Wahlen

Wählerverzeichnisse

Die luxemburgischen Bürger (innen) werden zu den Parlaments-, Europa- und Kommunalwahlen aufgerufen. Bürger (innen) aus einem EU-Land dürfen an den Europa- und Kommunalwahlen teilnehmen unter gewissen Bedingungen die das Gesetz vorschreibt. Bürger (innen) anderer Nationen dürfen nach den gesetzlichen Bedingungen nur an den Kommunalwahlen teilnehmen.

Im Großherzogtum darf niemand wählen gehen der nicht im Wählerverzeichnis eingeschrieben ist.

Ausländische Mitbürger (innen) müssen sich in die Wählerverzeichnisse der jeweiligen Wohngemeinden eintragen, wenn sie an den Europa- und/oder Kommunalwahlen im Großherzogtum teilnehmen wollen. Diese Einschreibung ist nur möglich wenn die Bedingungen des Wahlgesetzes respektiert werden.

Im Falle eines Umzugs in eine andere luxemburgische Gemeinde werden die luxemburgischen und ausländischen Wähler automatisch in die Wählerverzeichnisse der neuen Wohngemeinde eingetragen.

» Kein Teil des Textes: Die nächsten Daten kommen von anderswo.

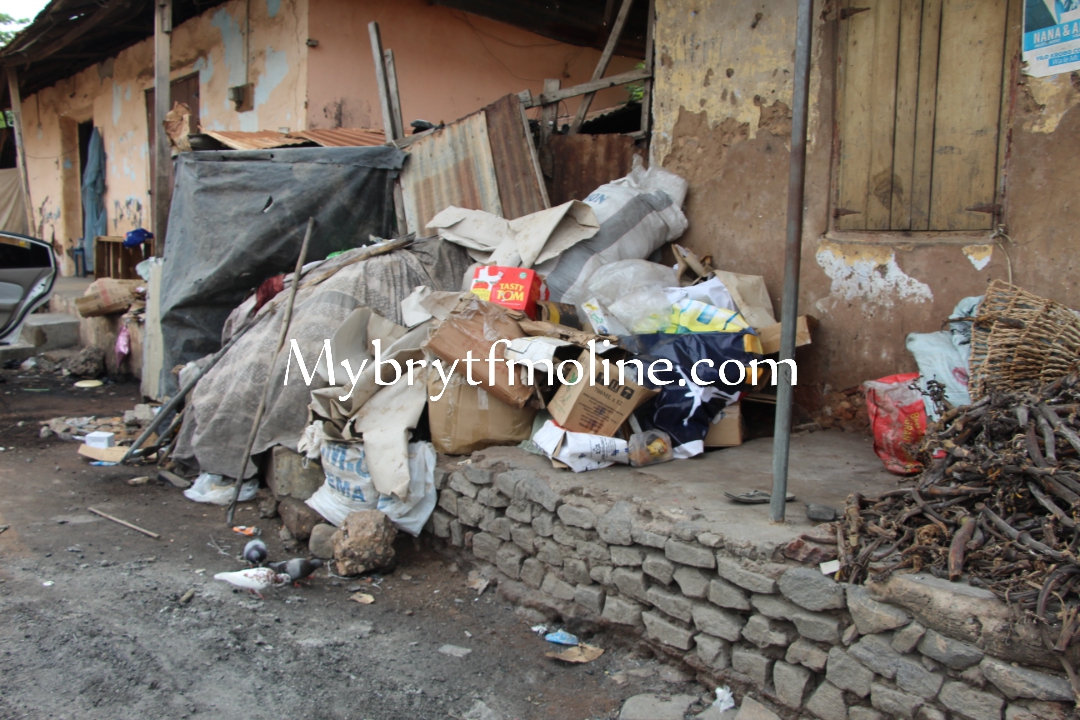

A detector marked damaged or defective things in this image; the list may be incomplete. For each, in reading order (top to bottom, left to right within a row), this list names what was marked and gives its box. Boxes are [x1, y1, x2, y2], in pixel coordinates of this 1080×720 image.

peeling wall paint [20, 0, 308, 276]
peeling wall paint [816, 242, 932, 312]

Zugleich werden sie aus dem Wählerverzeichnis der früheren Wohngemeinde radiert.

Im Großherzogtum besteht Wahlpflicht für alle auf dem Wählerverzeichnis eingetragenen Wähler, ob Luxemburger oder Ausländer. Personen, die am Wahltag älter als 75 Jahre sind, sind von der Wahlpflicht entbunden. Sie bleiben jedoch auf den Wählerlisten eingetragen und können, wenn sie es wünschen, an den Wahlen teilnehmen.

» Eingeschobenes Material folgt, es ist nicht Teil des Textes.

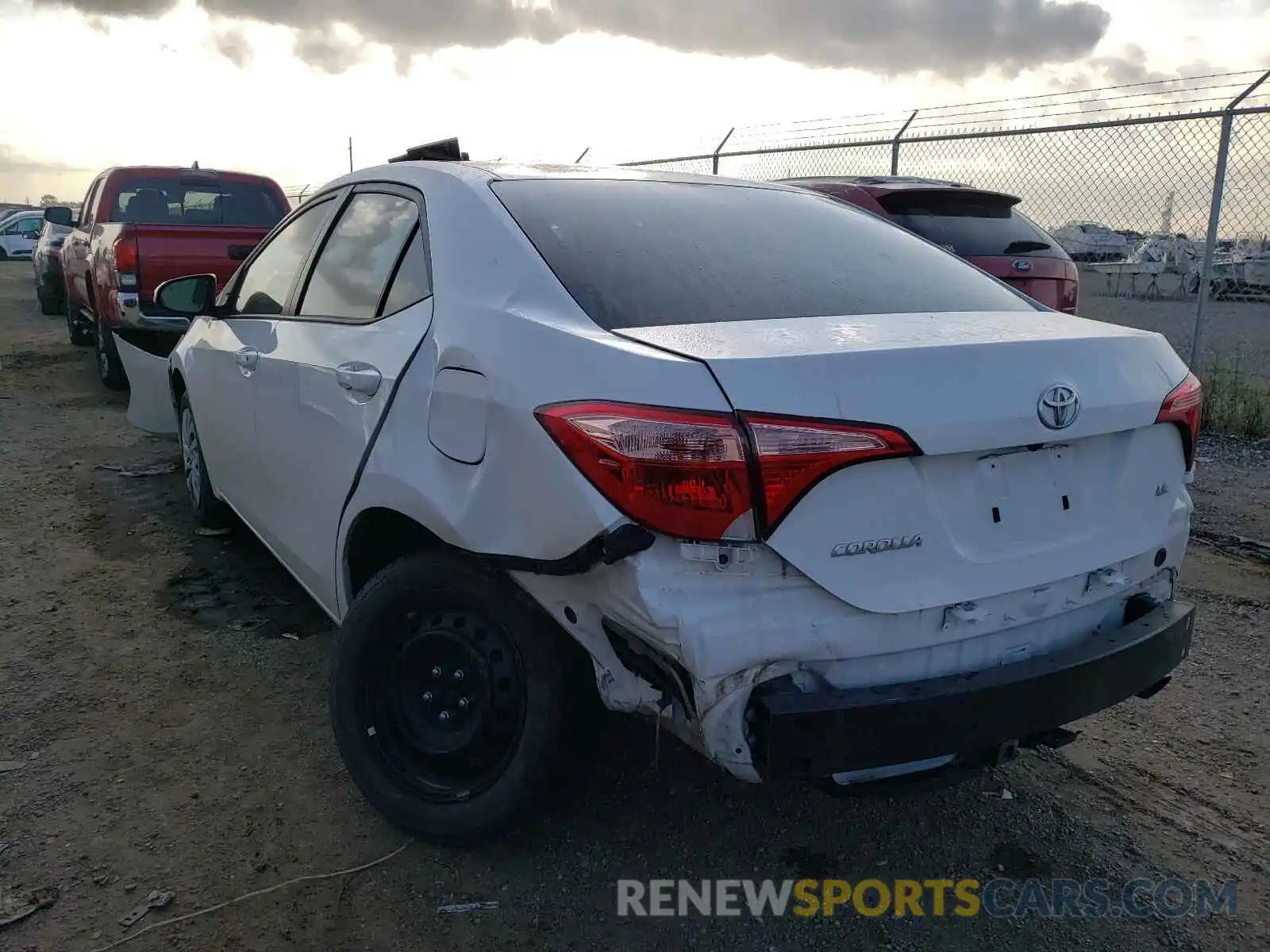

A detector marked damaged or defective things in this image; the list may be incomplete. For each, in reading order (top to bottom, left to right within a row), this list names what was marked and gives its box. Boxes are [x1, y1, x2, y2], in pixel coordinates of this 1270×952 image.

damaged white sedan [124, 152, 1206, 844]
crumpled rear bumper [743, 603, 1194, 781]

Personen, die durch unvorhersehbare Umstände nicht an der Wahl teilnehmen können, müssen in einen Entschuldigungsbrief an den Staatsanwalt die Abwesenheit bei der Wahlprozedur begründen. Die Bürger(innen), welche in Sinne des Gesetzes zur Briefwahl zugelassen sind und diese Prozedur wünschen, sind gebeten dem Schöffenrat ihrer Gemeinde ihre Absicht per Einschreiben mitzuteilen und ihren Wahleinberufungsbrief anzufragen. Diese Anfrage muss, unter Vorbehalt des Fristverlusts, dem Schöffenrat frühestens 10 Wochen und spätestens 30 Tage vor dem Datum der Parlaments-, Europa- und Kommunalwahlen dem Schöffenrat unterbreitet werden.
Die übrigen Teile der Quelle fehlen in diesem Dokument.